▶ Short descriptive text snippets:
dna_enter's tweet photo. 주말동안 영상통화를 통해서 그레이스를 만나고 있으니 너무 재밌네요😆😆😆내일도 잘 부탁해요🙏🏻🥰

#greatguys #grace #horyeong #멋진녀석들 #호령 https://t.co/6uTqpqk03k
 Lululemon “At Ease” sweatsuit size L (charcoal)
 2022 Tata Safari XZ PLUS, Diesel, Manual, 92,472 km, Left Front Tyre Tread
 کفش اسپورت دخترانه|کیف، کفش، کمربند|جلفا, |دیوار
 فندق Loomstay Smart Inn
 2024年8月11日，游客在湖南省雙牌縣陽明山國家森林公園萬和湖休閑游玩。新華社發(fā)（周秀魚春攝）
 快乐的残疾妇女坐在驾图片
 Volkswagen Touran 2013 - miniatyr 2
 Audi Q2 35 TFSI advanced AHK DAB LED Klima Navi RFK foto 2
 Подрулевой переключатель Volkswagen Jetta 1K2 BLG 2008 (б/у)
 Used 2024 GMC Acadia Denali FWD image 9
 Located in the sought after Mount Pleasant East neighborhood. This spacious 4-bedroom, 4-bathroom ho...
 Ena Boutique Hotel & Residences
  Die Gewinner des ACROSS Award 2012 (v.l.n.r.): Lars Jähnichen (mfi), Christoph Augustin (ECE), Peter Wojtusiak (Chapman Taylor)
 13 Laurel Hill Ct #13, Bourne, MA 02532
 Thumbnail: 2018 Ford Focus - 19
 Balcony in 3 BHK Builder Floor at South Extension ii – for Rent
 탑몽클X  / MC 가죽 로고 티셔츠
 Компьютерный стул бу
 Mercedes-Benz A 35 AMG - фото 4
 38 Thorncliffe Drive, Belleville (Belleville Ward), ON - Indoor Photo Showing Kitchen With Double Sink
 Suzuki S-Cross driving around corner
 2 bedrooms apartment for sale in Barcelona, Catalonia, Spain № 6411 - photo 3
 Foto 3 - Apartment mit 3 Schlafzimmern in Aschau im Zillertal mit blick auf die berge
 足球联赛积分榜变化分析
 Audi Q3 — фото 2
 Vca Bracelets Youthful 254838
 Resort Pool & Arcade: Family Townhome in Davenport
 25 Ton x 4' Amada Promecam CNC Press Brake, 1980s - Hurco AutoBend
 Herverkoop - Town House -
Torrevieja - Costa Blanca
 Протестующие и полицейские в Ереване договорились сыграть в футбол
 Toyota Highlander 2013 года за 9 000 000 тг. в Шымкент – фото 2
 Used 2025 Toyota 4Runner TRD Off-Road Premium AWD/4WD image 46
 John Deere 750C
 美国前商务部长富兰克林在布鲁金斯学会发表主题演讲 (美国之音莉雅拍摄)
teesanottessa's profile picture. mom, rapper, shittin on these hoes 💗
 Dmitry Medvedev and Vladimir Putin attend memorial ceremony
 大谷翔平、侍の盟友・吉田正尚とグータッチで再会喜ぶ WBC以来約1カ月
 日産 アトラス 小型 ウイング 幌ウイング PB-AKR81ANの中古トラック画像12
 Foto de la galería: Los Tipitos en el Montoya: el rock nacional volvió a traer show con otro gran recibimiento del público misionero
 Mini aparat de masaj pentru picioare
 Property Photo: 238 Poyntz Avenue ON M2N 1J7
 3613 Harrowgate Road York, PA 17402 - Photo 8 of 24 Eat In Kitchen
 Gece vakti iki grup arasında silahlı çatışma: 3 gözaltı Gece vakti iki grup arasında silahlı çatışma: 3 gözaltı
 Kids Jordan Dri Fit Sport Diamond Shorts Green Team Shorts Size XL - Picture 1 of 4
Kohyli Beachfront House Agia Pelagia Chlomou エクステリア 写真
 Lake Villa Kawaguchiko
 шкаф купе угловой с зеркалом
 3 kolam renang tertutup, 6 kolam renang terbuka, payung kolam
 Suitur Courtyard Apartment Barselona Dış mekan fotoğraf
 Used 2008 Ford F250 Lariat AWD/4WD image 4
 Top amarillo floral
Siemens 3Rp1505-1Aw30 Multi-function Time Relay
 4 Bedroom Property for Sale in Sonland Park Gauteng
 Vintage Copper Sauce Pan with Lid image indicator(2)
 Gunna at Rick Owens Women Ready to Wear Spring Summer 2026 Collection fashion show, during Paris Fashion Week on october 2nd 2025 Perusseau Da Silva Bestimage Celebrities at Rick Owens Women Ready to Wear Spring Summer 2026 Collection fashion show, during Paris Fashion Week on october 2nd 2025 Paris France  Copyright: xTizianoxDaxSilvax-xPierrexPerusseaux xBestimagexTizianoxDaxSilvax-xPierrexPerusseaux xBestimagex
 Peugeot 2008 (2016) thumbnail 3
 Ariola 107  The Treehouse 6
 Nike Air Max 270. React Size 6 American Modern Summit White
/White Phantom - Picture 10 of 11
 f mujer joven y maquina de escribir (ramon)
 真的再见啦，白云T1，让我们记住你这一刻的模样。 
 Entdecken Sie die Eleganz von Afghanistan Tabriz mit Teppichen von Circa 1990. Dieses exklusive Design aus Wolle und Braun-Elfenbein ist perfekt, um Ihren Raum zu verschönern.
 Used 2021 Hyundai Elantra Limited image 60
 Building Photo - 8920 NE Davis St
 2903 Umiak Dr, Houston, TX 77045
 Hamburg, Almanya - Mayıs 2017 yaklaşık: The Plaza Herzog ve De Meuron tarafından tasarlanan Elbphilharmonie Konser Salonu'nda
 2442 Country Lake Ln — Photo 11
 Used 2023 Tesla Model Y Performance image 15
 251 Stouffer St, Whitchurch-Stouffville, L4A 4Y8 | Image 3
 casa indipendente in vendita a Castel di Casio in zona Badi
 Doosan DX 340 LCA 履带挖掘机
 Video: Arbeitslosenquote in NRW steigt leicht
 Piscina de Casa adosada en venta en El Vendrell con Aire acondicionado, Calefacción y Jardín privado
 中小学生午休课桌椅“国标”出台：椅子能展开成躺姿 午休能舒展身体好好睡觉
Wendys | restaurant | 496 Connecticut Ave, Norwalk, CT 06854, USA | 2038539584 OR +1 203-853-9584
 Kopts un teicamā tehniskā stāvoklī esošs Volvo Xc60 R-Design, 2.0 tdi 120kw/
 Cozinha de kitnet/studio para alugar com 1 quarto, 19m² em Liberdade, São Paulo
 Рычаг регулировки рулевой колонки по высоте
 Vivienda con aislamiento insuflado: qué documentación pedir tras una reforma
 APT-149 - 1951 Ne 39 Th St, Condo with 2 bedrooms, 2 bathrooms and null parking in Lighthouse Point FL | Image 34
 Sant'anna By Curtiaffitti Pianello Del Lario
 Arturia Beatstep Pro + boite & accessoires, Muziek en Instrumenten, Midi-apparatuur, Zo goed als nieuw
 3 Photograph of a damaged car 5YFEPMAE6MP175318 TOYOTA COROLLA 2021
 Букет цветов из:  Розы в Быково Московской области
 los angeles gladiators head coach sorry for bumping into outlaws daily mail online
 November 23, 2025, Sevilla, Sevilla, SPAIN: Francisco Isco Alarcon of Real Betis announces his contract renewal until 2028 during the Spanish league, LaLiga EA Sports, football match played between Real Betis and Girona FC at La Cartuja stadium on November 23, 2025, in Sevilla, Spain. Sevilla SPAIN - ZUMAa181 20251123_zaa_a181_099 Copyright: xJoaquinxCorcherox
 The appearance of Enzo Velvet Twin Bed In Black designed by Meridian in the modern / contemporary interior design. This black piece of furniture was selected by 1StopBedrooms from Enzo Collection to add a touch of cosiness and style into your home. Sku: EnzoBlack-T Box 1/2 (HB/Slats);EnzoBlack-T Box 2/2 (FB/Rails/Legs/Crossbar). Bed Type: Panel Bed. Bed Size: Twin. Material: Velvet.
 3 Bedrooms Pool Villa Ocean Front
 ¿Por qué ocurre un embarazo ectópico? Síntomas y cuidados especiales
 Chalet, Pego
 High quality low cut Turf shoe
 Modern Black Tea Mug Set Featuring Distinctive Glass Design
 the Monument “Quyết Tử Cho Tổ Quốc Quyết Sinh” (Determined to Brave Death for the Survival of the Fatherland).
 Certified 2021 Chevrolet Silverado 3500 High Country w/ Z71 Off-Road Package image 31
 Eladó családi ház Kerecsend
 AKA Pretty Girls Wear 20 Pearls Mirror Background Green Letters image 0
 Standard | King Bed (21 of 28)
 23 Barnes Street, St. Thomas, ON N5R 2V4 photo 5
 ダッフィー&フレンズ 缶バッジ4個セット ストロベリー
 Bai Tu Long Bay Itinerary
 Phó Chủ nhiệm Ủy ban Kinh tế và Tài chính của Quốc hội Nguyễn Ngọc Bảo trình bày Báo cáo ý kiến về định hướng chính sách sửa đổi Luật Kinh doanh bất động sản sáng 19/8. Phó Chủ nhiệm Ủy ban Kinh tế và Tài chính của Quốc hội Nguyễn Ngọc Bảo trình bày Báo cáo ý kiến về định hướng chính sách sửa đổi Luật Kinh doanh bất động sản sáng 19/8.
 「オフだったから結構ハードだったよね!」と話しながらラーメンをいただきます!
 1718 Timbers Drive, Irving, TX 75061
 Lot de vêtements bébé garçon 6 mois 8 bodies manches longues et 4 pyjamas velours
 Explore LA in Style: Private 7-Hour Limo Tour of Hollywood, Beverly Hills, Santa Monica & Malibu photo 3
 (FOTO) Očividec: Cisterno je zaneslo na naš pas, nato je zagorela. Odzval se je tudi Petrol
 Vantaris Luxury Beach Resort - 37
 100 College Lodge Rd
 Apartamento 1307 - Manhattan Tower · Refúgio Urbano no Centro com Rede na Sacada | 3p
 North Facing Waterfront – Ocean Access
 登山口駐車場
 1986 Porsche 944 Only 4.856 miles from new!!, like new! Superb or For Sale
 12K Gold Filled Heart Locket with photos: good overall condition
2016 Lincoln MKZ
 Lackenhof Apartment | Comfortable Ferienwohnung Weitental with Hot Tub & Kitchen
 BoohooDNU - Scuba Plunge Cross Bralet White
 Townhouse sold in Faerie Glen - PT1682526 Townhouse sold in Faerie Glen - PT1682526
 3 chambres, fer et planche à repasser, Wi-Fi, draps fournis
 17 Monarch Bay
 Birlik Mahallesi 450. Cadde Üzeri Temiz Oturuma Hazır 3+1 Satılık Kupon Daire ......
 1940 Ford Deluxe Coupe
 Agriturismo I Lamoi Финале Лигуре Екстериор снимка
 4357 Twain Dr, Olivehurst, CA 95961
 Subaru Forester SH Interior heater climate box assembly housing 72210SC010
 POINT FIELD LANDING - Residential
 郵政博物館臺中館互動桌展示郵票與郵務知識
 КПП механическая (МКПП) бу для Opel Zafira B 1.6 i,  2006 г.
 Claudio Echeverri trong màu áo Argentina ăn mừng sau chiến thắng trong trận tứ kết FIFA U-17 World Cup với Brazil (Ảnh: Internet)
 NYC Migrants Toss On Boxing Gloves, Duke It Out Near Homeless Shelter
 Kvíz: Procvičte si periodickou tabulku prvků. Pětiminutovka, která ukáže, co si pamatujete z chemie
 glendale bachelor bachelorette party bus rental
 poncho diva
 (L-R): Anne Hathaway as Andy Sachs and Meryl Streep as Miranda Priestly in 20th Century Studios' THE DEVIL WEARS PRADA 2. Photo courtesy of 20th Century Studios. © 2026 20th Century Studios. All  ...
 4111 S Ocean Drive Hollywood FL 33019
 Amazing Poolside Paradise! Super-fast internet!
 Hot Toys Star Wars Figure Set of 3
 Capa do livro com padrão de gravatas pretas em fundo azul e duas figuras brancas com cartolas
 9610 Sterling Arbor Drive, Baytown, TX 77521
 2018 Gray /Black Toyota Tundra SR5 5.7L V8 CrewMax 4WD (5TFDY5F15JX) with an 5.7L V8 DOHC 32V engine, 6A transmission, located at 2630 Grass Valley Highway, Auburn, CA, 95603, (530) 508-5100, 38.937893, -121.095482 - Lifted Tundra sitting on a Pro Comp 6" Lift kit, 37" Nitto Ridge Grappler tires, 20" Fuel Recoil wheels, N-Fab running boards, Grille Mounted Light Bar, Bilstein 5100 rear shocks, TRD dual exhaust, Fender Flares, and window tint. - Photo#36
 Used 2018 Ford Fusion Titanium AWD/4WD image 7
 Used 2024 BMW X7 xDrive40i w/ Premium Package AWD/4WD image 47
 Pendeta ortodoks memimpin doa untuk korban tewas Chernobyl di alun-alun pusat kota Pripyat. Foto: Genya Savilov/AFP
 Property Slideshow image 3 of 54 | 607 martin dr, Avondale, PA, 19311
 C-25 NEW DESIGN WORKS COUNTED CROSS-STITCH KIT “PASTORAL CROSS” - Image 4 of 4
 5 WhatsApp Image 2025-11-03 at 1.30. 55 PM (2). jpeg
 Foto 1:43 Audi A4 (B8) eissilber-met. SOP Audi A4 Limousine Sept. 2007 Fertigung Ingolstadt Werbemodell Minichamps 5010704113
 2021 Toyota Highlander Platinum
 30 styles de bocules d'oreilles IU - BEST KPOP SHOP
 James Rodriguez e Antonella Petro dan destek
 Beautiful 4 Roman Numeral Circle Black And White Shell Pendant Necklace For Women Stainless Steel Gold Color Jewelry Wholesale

▶ Brief:
Could you copy every line in the records that holds "from"?

▶ Solution:
 The appearance of Enzo Velvet Twin Bed In Black designed by Meridian in the modern / contemporary interior design. This black piece of furniture was selected by 1StopBedrooms from Enzo Collection to add a touch of cosiness and style into your home. Sku: EnzoBlack-T Box 1/2 (HB/Slats);EnzoBlack-T Box 2/2 (FB/Rails/Legs/Crossbar). Bed Type: Panel Bed. Bed Size: Twin. Material: Velvet.
 1986 Porsche 944 Only 4.856 miles from new!!, like new! Superb or For Sale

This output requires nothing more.